Crawled caption data:
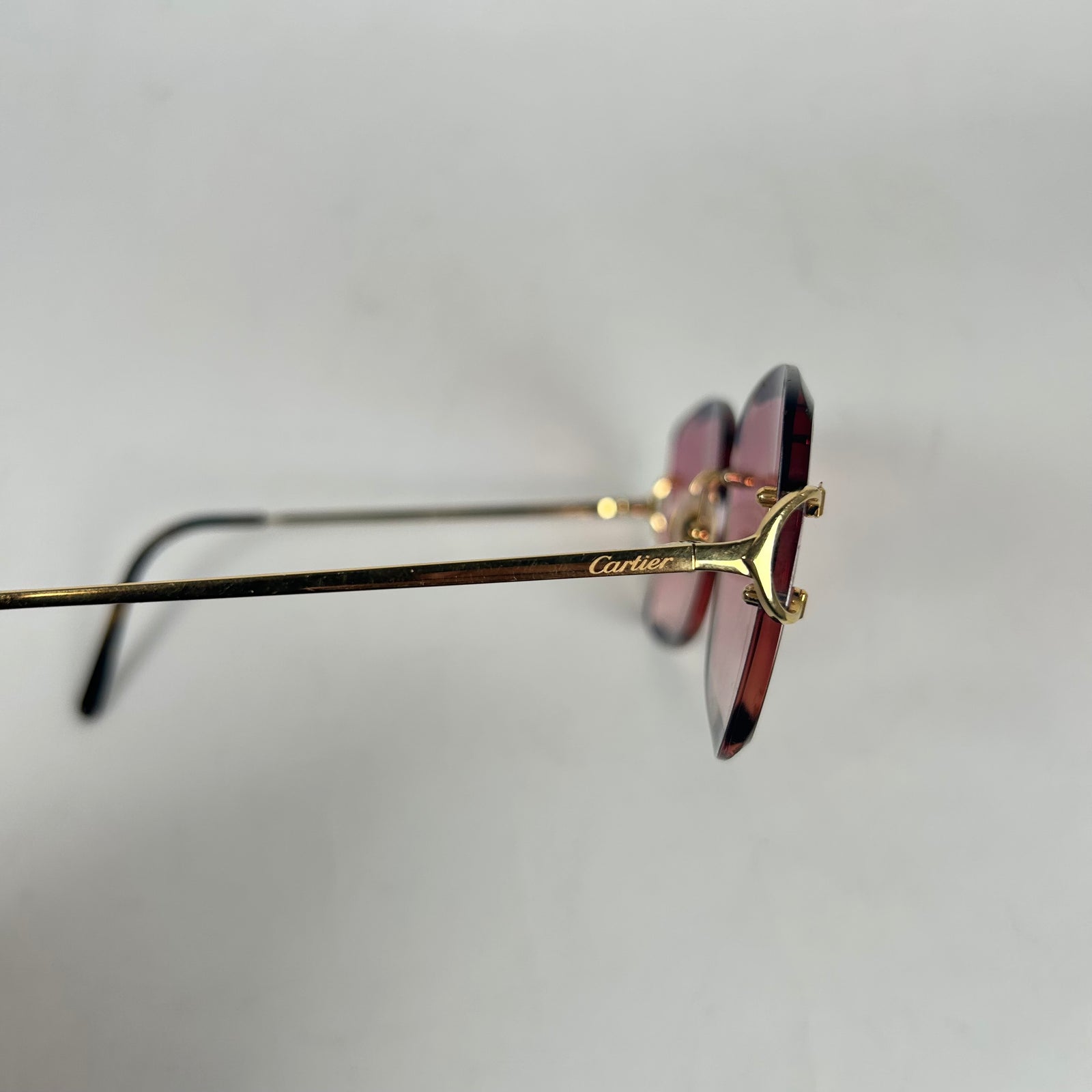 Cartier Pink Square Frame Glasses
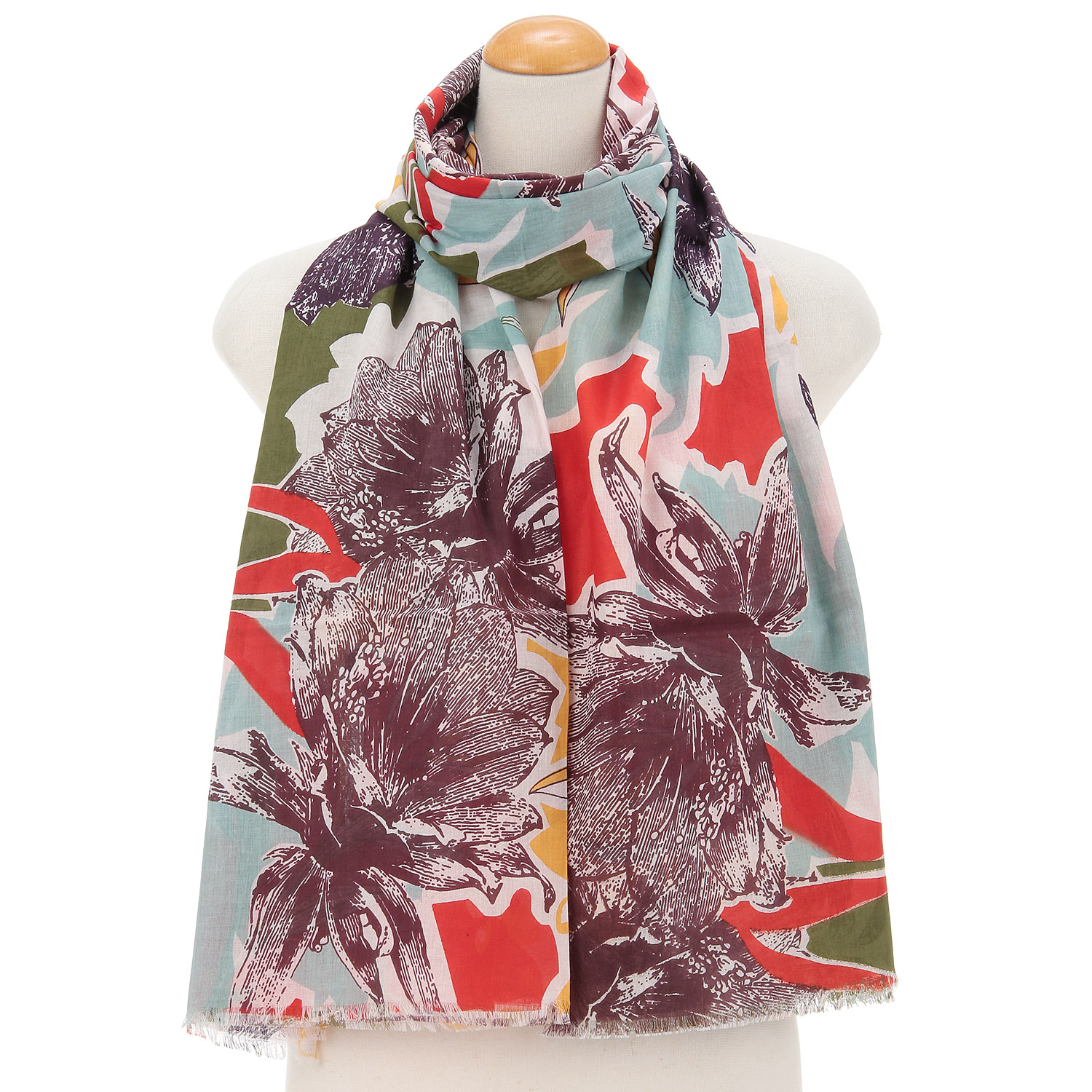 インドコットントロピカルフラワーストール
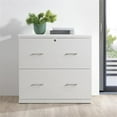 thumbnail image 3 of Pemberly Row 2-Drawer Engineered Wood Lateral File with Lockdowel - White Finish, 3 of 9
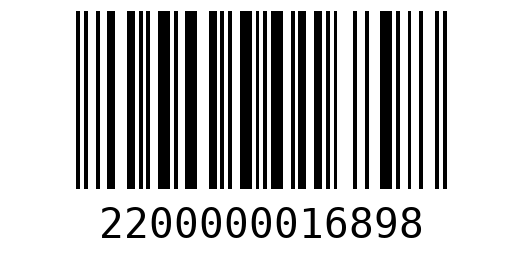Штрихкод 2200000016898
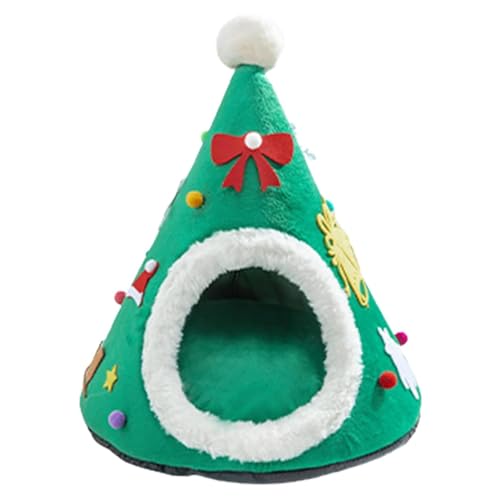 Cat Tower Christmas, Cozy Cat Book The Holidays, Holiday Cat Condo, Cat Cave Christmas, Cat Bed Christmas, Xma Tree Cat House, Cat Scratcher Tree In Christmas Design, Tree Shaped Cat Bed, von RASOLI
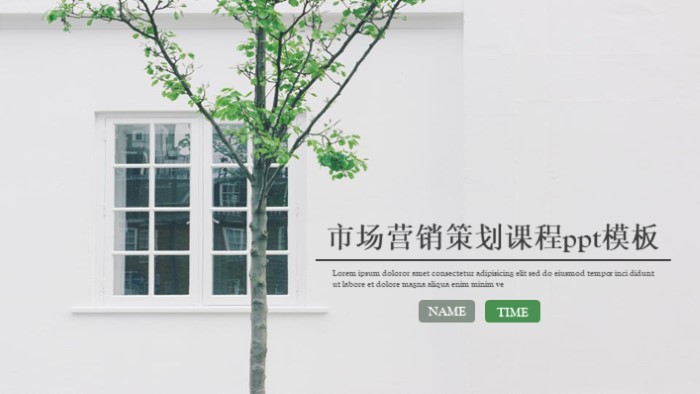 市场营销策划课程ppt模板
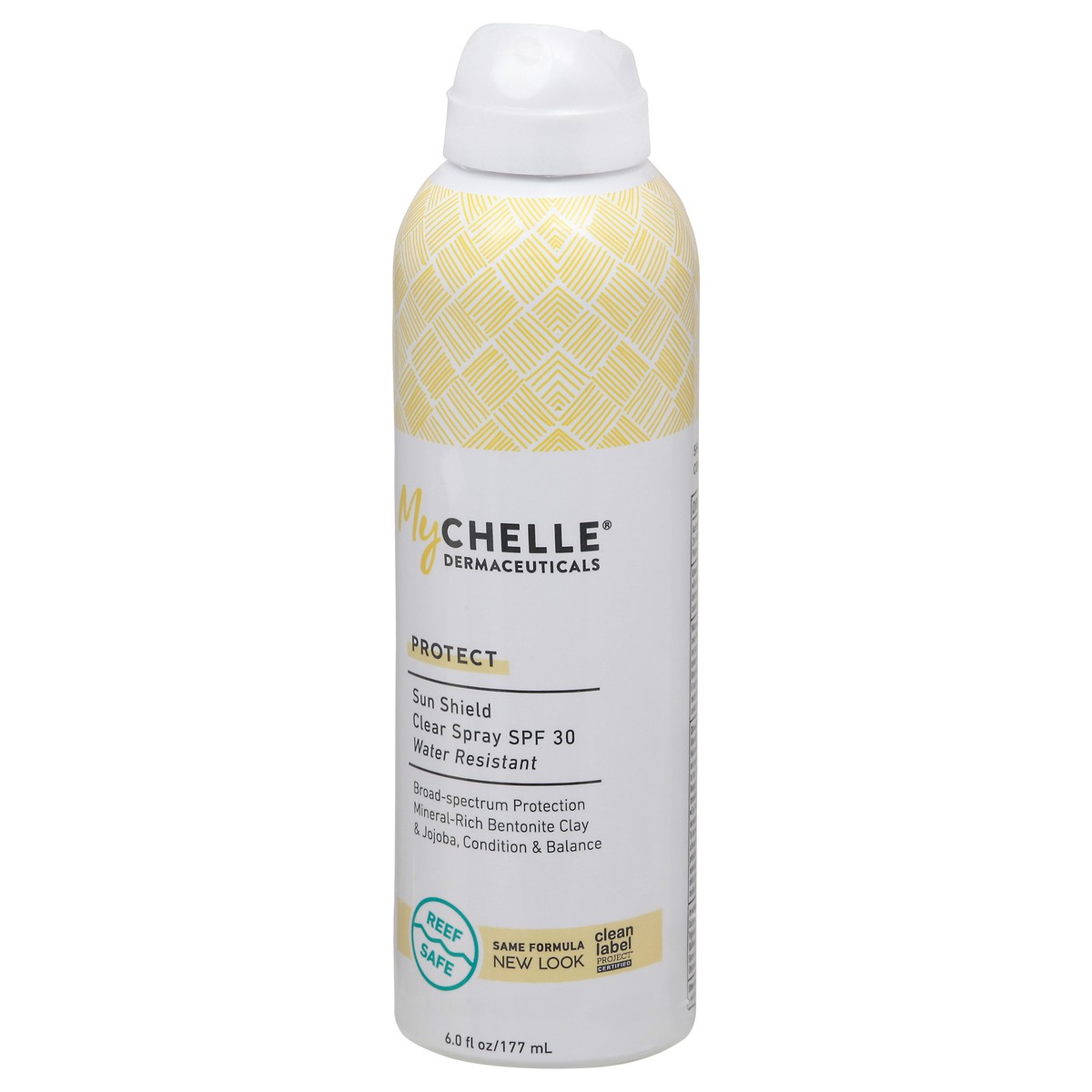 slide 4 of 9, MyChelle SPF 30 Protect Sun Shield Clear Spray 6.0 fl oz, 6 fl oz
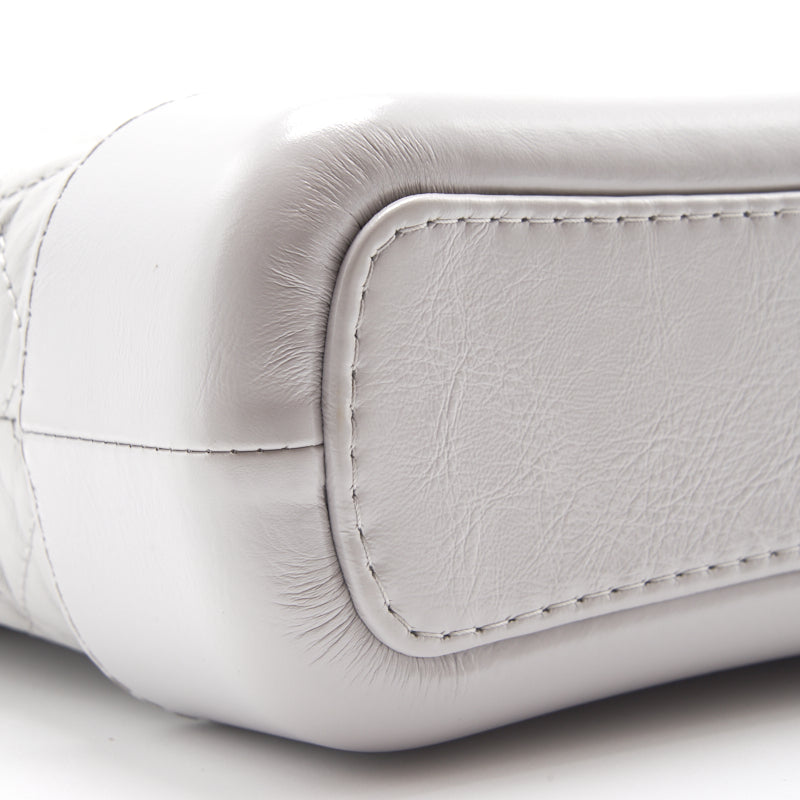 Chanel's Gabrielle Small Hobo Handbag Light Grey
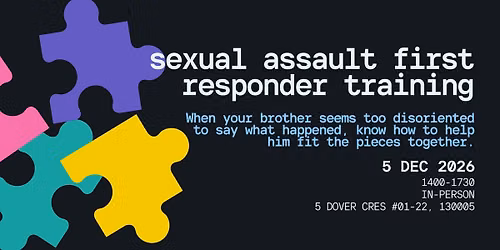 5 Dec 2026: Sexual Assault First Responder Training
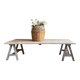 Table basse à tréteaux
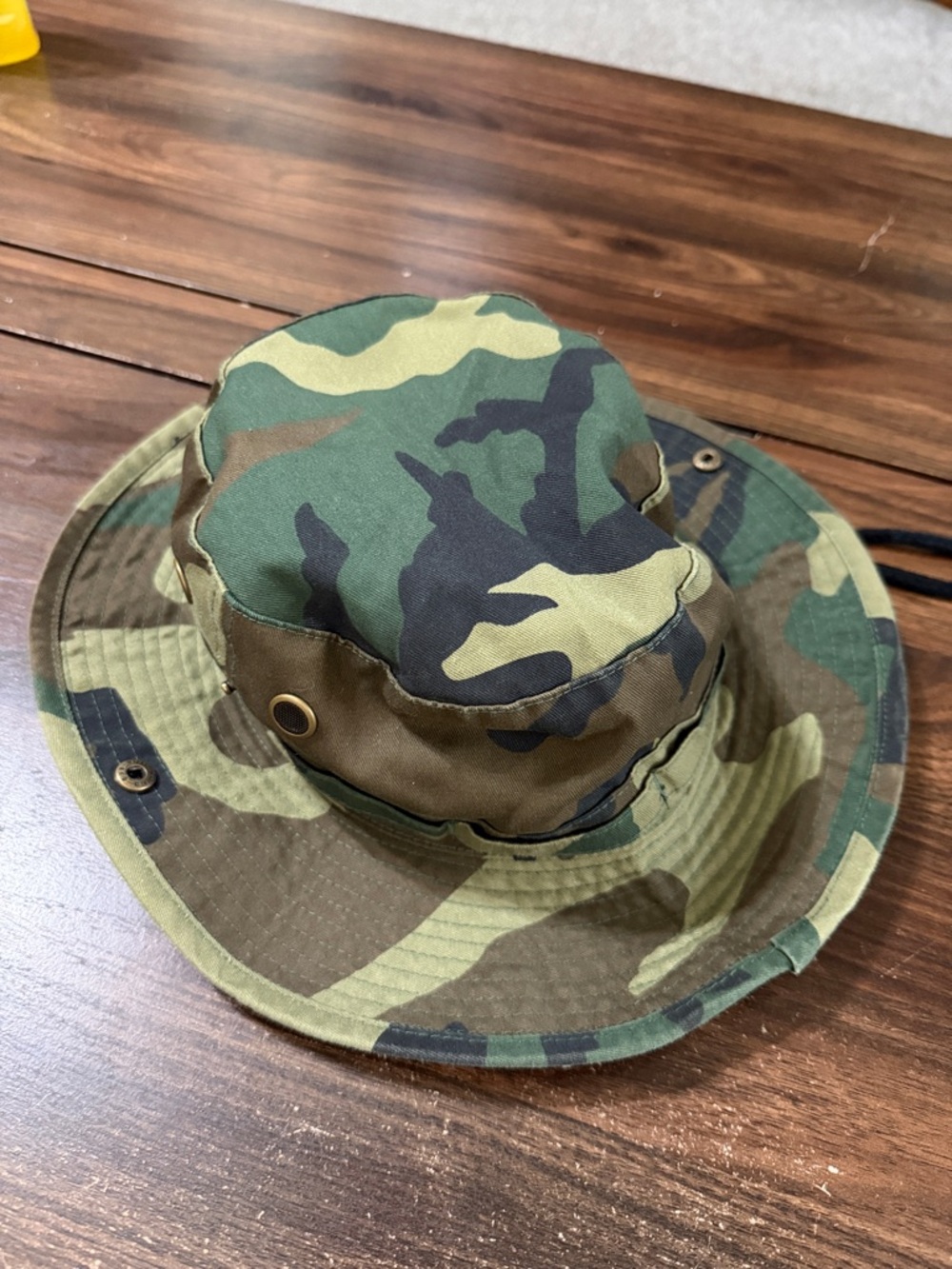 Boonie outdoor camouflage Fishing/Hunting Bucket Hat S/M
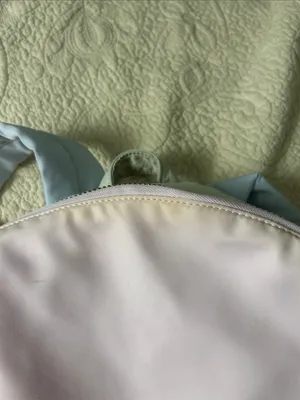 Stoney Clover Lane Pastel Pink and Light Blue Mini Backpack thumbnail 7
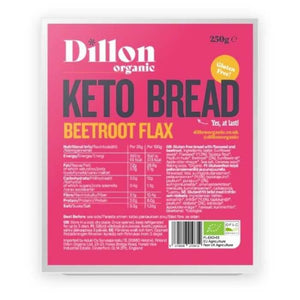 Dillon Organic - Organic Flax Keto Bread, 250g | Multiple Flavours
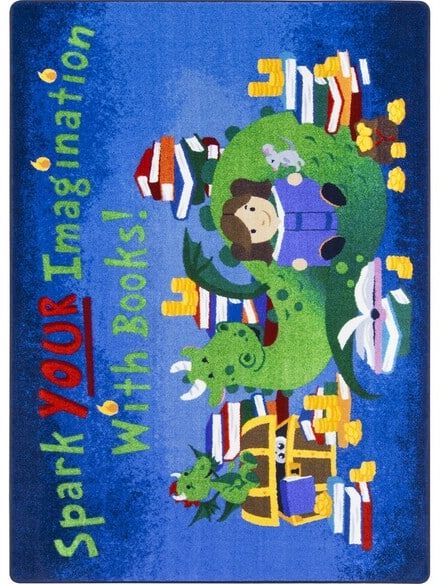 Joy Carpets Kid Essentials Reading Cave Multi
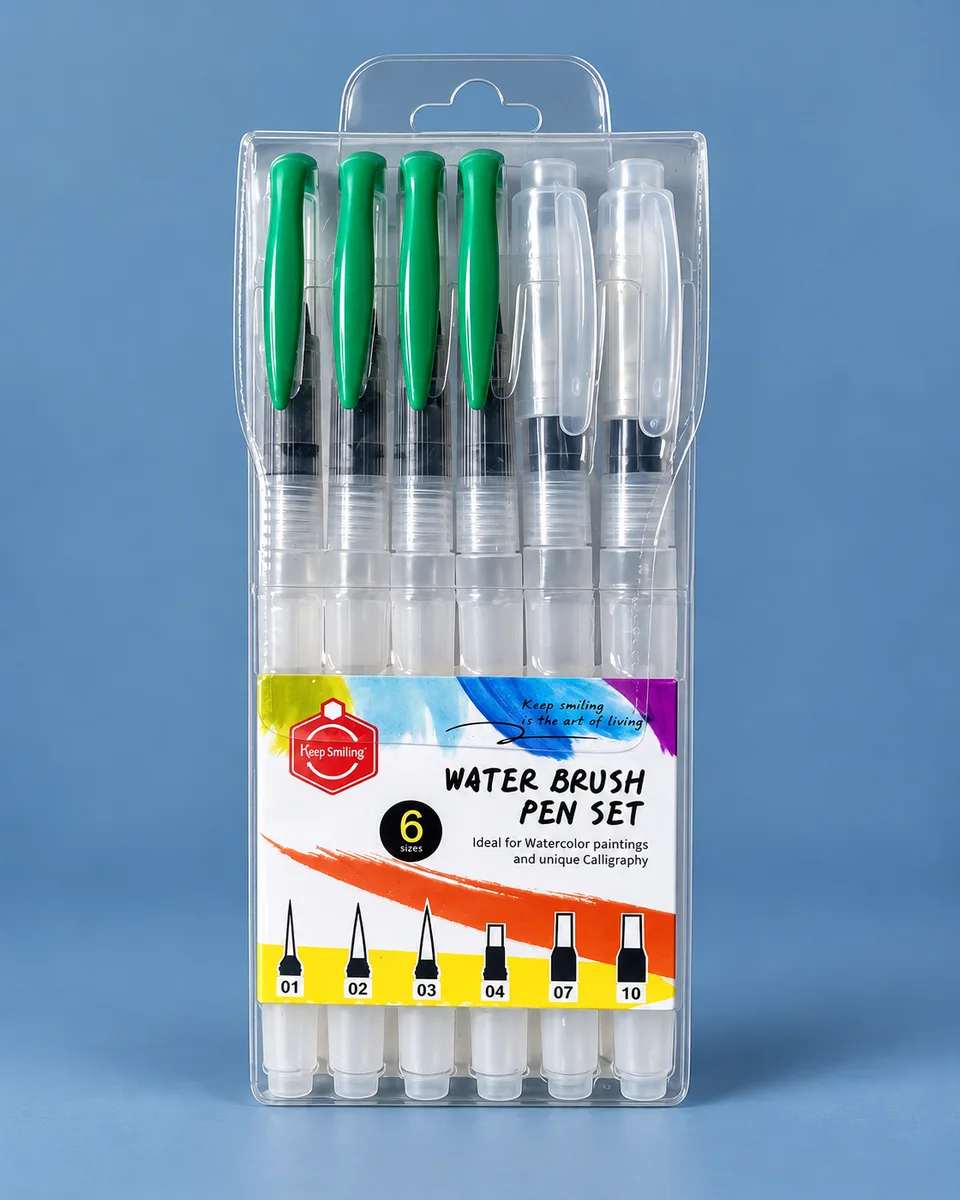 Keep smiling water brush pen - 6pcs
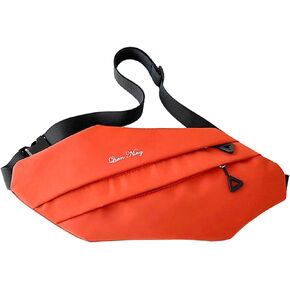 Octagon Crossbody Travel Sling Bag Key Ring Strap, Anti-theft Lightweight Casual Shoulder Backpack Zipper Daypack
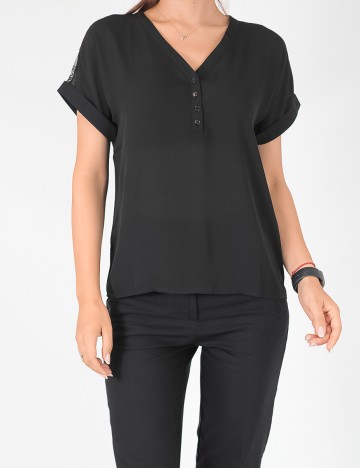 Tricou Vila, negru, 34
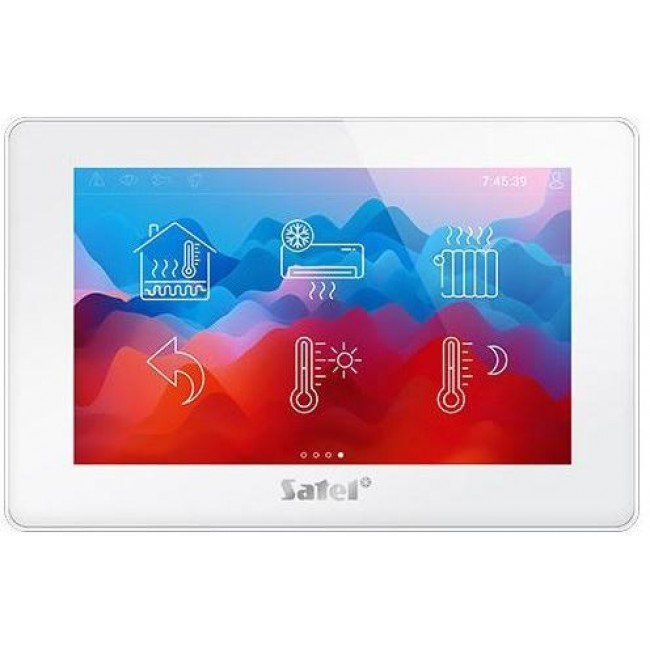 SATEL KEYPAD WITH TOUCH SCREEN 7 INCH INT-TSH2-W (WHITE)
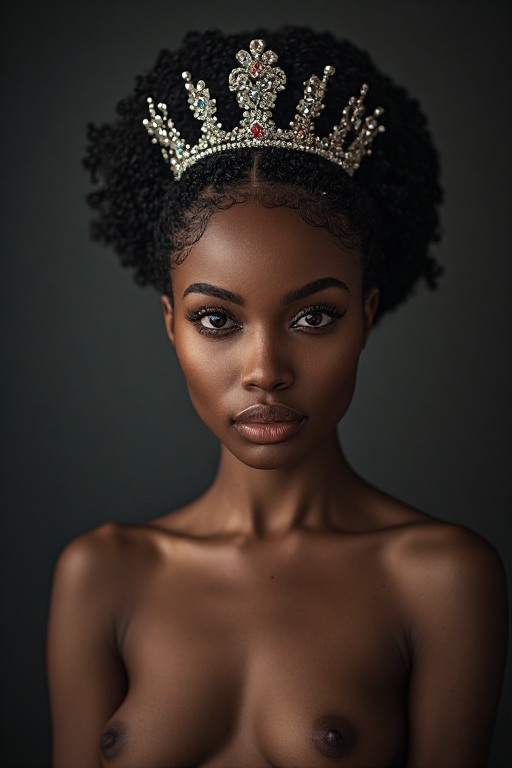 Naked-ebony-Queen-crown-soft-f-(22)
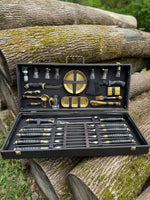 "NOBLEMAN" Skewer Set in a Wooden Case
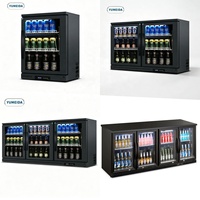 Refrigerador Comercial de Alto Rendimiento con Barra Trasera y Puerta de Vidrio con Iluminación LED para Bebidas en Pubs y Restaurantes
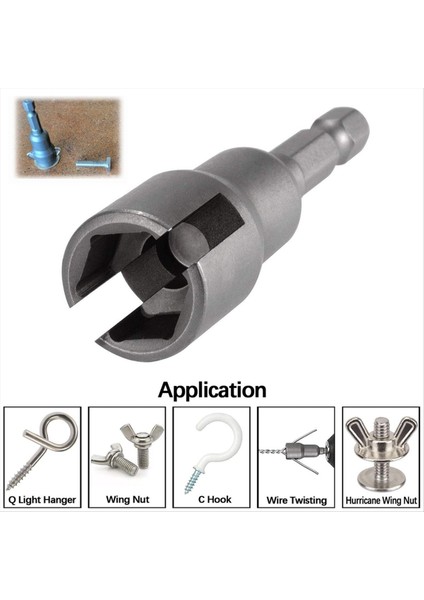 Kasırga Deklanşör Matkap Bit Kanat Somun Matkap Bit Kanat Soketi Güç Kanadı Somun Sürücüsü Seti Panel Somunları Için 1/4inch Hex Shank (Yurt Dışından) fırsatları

Instructions to follow
Print the lines from the line with "Octagon Crossbody Travel" to the end of the data above. Include both ends, exclude the pictures, and add nothing else.

Exercise output
 Octagon Crossbody Travel Sling Bag Key Ring Strap, Anti-theft Lightweight Casual Shoulder Backpack Zipper Daypack
 Tricou Vila, negru, 34
 SATEL KEYPAD WITH TOUCH SCREEN 7 INCH INT-TSH2-W (WHITE)
 Naked-ebony-Queen-crown-soft-f-(22)
 "NOBLEMAN" Skewer Set in a Wooden Case
 Refrigerador Comercial de Alto Rendimiento con Barra Trasera y Puerta de Vidrio con Iluminación LED para Bebidas en Pubs y Restaurantes
 Kasırga Deklanşör Matkap Bit Kanat Somun Matkap Bit Kanat Soketi Güç Kanadı Somun Sürücüsü Seti Panel Somunları Için 1/4inch Hex Shank (Yurt Dışından) fırsatları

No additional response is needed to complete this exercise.